Nothing but the lines from the top of the records through the line with "Serviette de bain" should be returned, exactly, and without pictures.
=== Section Start ===
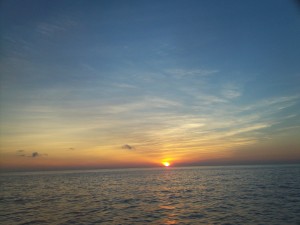 Sunset about four miles off Barnegat Light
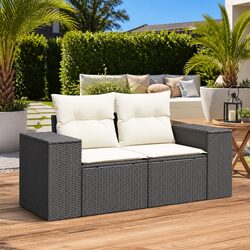 High-Quality 2-Seater Garden Sofa with Cushions Storage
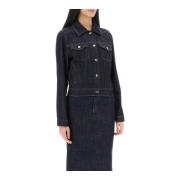 Dolce & Gabbana Stretch Cotton Denim Jacket med Topstitching Blue, Dam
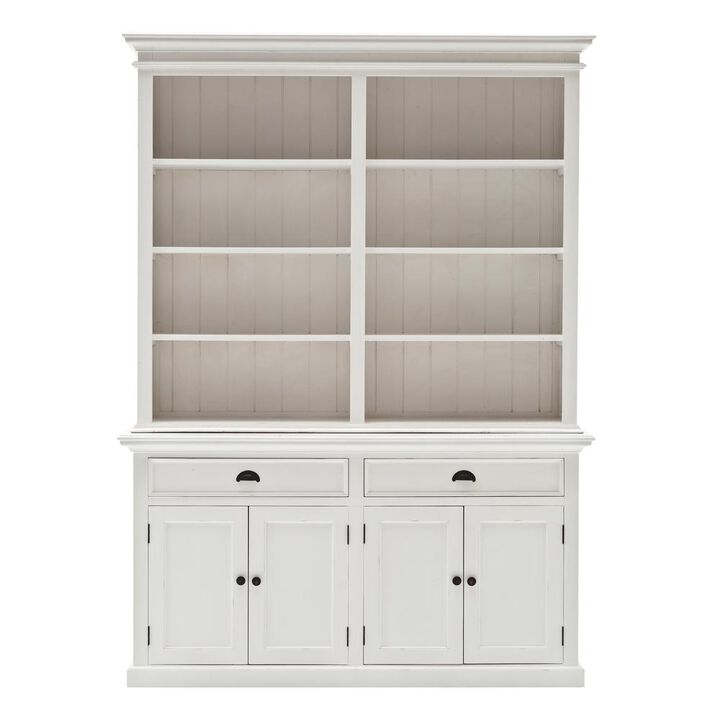 Belen Kox Classic White Hutch Bookcase with Versatile Storage, Belen Kox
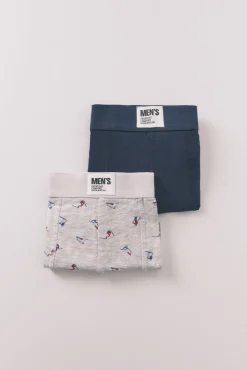 Women'secret Roupa Interior-Pack de 2 boxers de cuecas para esqui azul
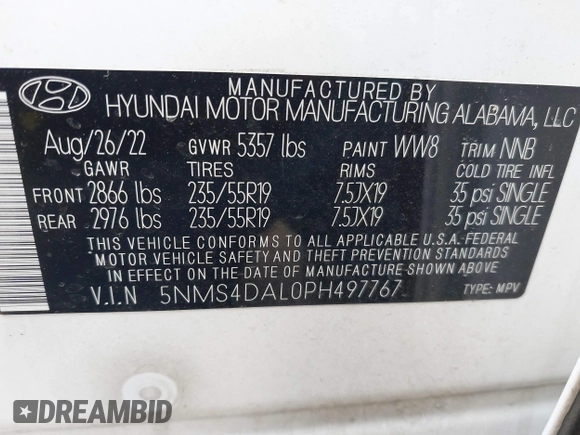 2023 Hyundai Santa Fe Limited with VIN 5NMS4DAL0PH497767, listed as a IAAI auction lot 41578381 with 31,011 mi miles and . Bid and sale history available at DreamBid. Image 9.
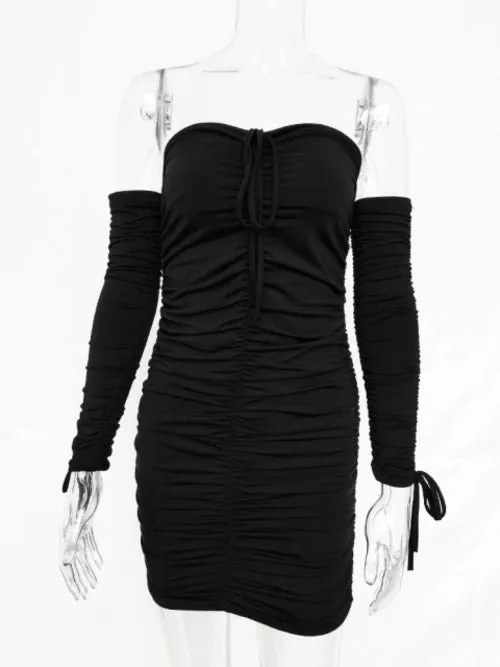Articat Women Autumn Winter Bandage Dress Women 2020 Sexy Off Shoulder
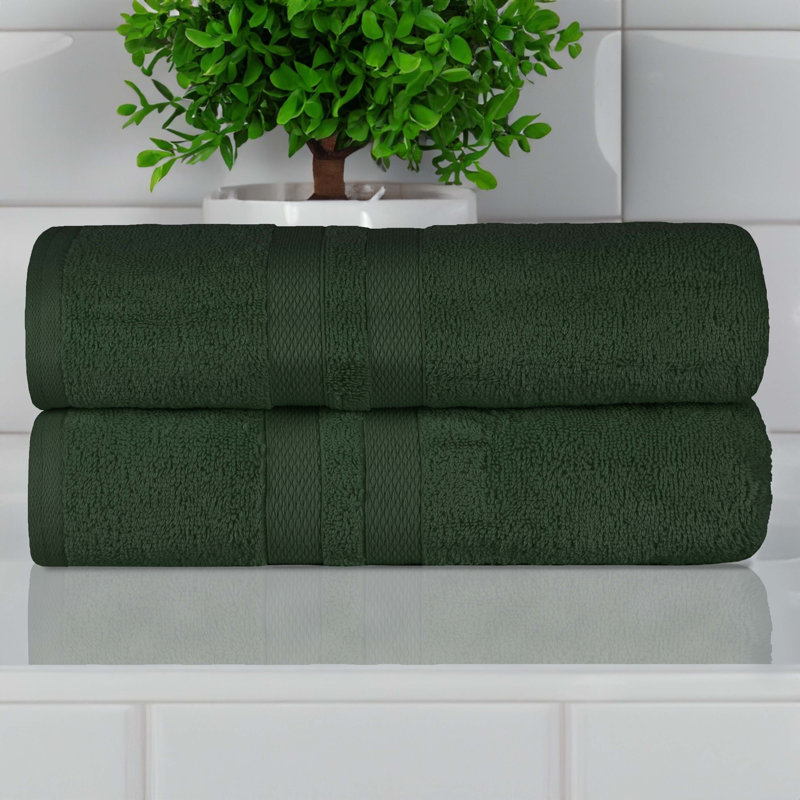 Serviette de bain ultra-douce en coton uni double ligne Dobby, Vert forêt
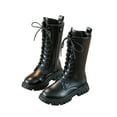 thumbnail image 2 of Spazoro Girls Knee High Boots, Chunky Sole Lace Up Side Zipper Smooth Leather Long Boot Shoes for Girls Black, 2 of 9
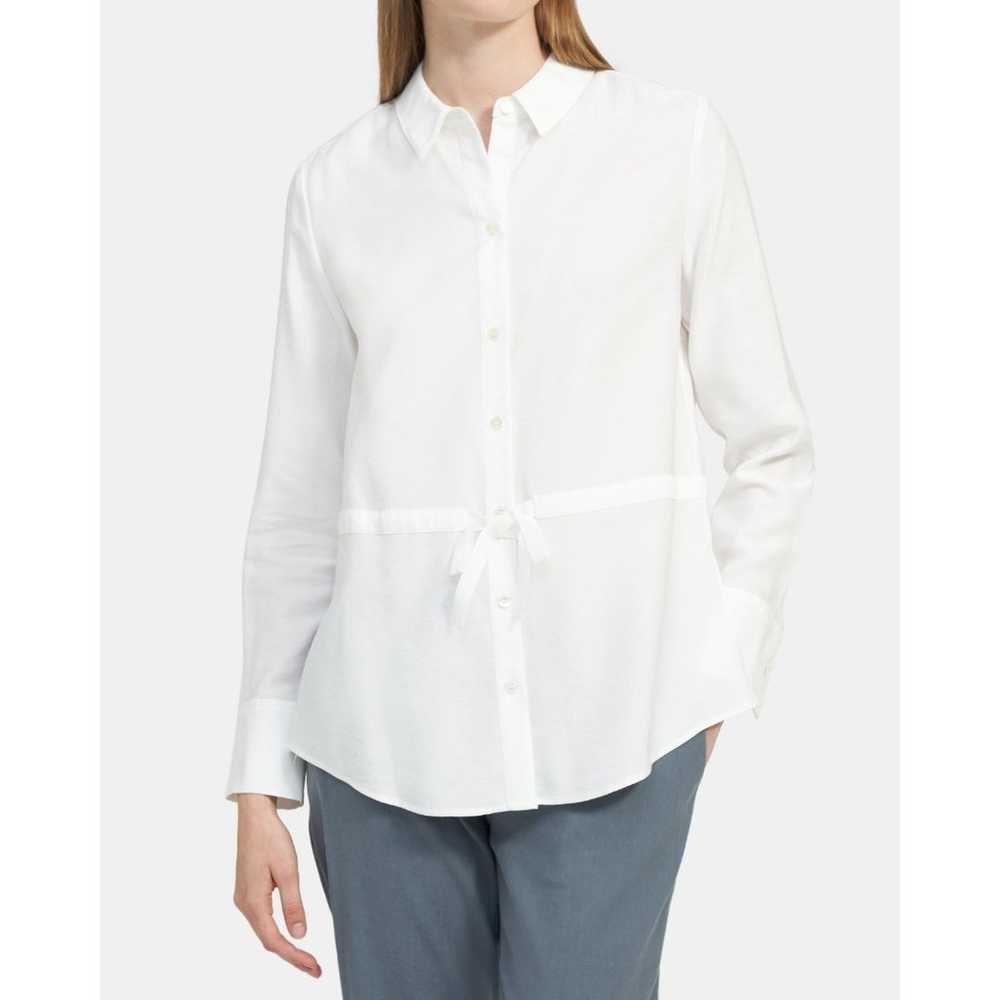 Theory Tied Button Down In Twill - White M - image 2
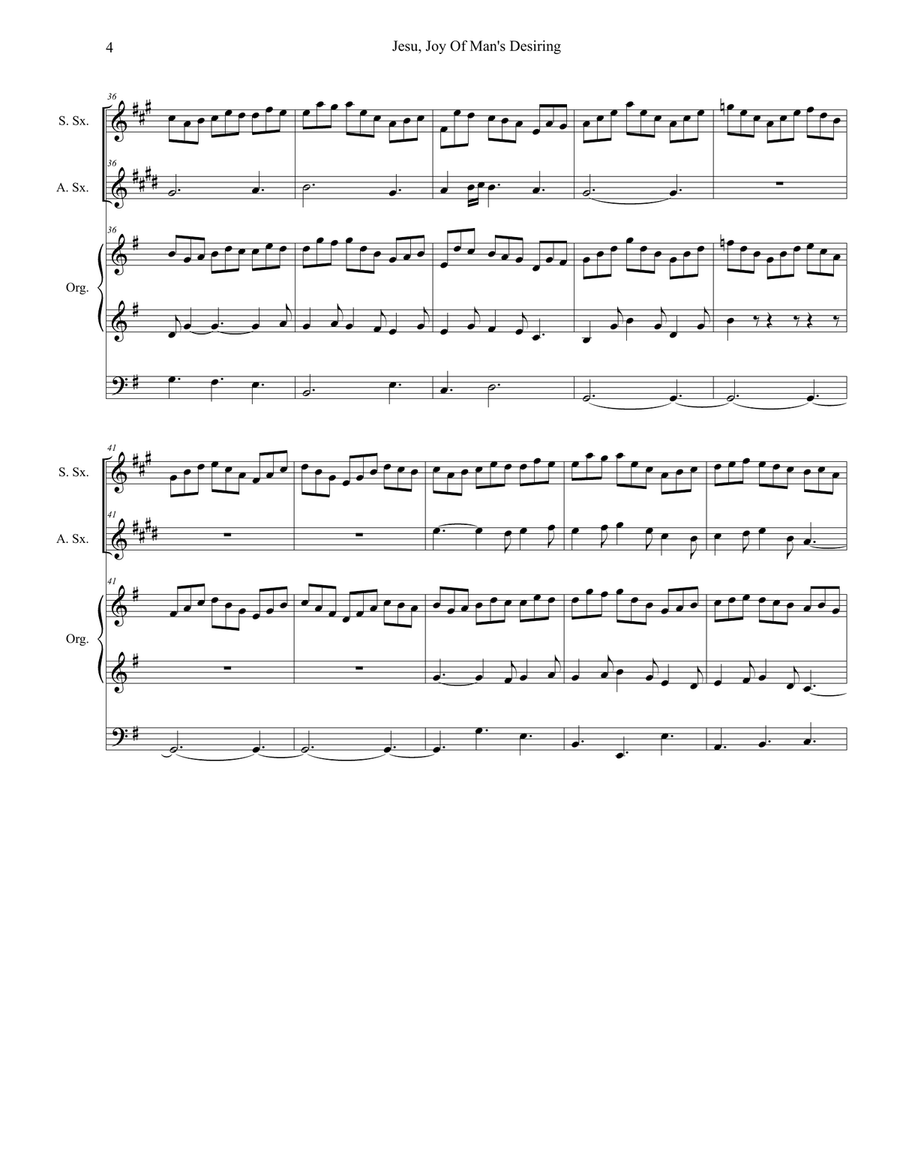 Jesu, Joy Of Man's Desiring (Duet for Soprano and Alto Saxophone and Organ) Woodwind Duet scores gallery preview page 5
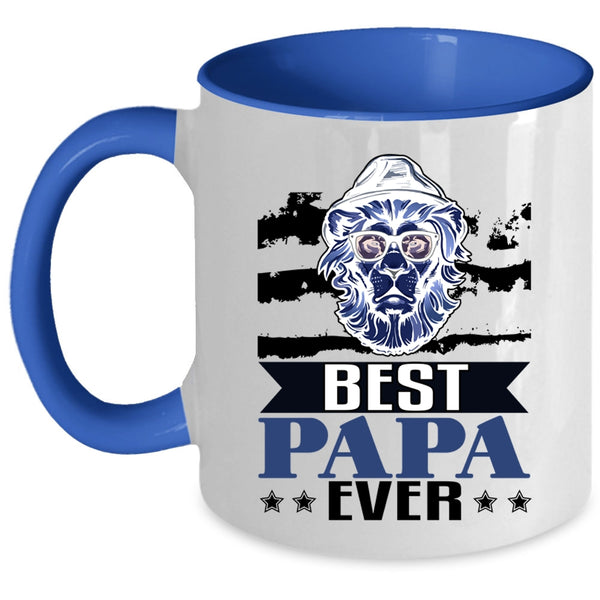 Gift For Dad Coffee Mug, Best Papa Ever Accent Mug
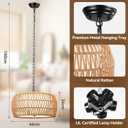 5-Light Farmhouse Rattan Chandelier with Fabric Shade, 18" Boho Woven Wicker Pendant Light for Living Room, Dining Room & Bedroom, Hand Woven Wicker Fixture (No Bulbs)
=== Section End ===
> _Answer to the exercise_
 Sunset about four miles off Barnegat Light
 High-Quality 2-Seater Garden Sofa with Cushions Storage
 Dolce & Gabbana Stretch Cotton Denim Jacket med Topstitching Blue, Dam
 Belen Kox Classic White Hutch Bookcase with Versatile Storage, Belen Kox
 Women'secret Roupa Interior-Pack de 2 boxers de cuecas para esqui azul
 2023 Hyundai Santa Fe Limited with VIN 5NMS4DAL0PH497767, listed as a IAAI auction lot 41578381 with 31,011 mi miles and . Bid and sale history available at DreamBid. Image 9.
Articat Women Autumn Winter Bandage Dress Women 2020 Sexy Off Shoulder
 Serviette de bain ultra-douce en coton uni double ligne Dobby, Vert forêt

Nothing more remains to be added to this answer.